### DATA PROVIDED
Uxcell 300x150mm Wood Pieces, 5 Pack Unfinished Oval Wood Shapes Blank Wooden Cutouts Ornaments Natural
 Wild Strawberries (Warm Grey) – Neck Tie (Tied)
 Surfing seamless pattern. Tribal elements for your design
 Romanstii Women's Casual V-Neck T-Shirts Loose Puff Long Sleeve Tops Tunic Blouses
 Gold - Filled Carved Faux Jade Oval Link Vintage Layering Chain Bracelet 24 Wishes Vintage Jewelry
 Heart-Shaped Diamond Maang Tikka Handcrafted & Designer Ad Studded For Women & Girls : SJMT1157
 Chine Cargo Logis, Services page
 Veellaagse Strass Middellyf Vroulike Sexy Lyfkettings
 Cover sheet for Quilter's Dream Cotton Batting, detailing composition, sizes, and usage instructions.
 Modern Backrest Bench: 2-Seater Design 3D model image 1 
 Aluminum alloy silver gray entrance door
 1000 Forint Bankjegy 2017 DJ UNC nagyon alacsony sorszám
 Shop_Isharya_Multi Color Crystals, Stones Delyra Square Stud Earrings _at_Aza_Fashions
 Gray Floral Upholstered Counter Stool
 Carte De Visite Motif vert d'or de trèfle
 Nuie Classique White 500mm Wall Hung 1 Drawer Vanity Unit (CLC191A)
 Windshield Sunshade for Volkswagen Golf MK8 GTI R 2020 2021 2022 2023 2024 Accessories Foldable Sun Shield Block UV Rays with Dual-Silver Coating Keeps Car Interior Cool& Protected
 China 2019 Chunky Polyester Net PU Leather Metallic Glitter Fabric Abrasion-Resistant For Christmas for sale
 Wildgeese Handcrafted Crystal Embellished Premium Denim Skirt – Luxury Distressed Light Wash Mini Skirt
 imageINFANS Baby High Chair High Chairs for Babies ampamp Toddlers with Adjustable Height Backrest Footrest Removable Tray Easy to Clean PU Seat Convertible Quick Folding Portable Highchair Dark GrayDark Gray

### YOUR GOAL
Each line of the records belongs in the answer, reproduced exactly.

### EXERCISE RESULT
Uxcell 300x150mm Wood Pieces, 5 Pack Unfinished Oval Wood Shapes Blank Wooden Cutouts Ornaments Natural
 Wild Strawberries (Warm Grey) – Neck Tie (Tied)
 Surfing seamless pattern. Tribal elements for your design
 Romanstii Women's Casual V-Neck T-Shirts Loose Puff Long Sleeve Tops Tunic Blouses
 Gold - Filled Carved Faux Jade Oval Link Vintage Layering Chain Bracelet 24 Wishes Vintage Jewelry
 Heart-Shaped Diamond Maang Tikka Handcrafted & Designer Ad Studded For Women & Girls : SJMT1157
 Chine Cargo Logis, Services page
 Veellaagse Strass Middellyf Vroulike Sexy Lyfkettings
 Cover sheet for Quilter's Dream Cotton Batting, detailing composition, sizes, and usage instructions.
 Modern Backrest Bench: 2-Seater Design 3D model image 1 
 Aluminum alloy silver gray entrance door
 1000 Forint Bankjegy 2017 DJ UNC nagyon alacsony sorszám
 Shop_Isharya_Multi Color Crystals, Stones Delyra Square Stud Earrings _at_Aza_Fashions
 Gray Floral Upholstered Counter Stool
 Carte De Visite Motif vert d'or de trèfle
 Nuie Classique White 500mm Wall Hung 1 Drawer Vanity Unit (CLC191A)
 Windshield Sunshade for Volkswagen Golf MK8 GTI R 2020 2021 2022 2023 2024 Accessories Foldable Sun Shield Block UV Rays with Dual-Silver Coating Keeps Car Interior Cool& Protected
 China 2019 Chunky Polyester Net PU Leather Metallic Glitter Fabric Abrasion-Resistant For Christmas for sale
 Wildgeese Handcrafted Crystal Embellished Premium Denim Skirt – Luxury Distressed Light Wash Mini Skirt
 imageINFANS Baby High Chair High Chairs for Babies ampamp Toddlers with Adjustable Height Backrest Footrest Removable Tray Easy to Clean PU Seat Convertible Quick Folding Portable Highchair Dark GrayDark Gray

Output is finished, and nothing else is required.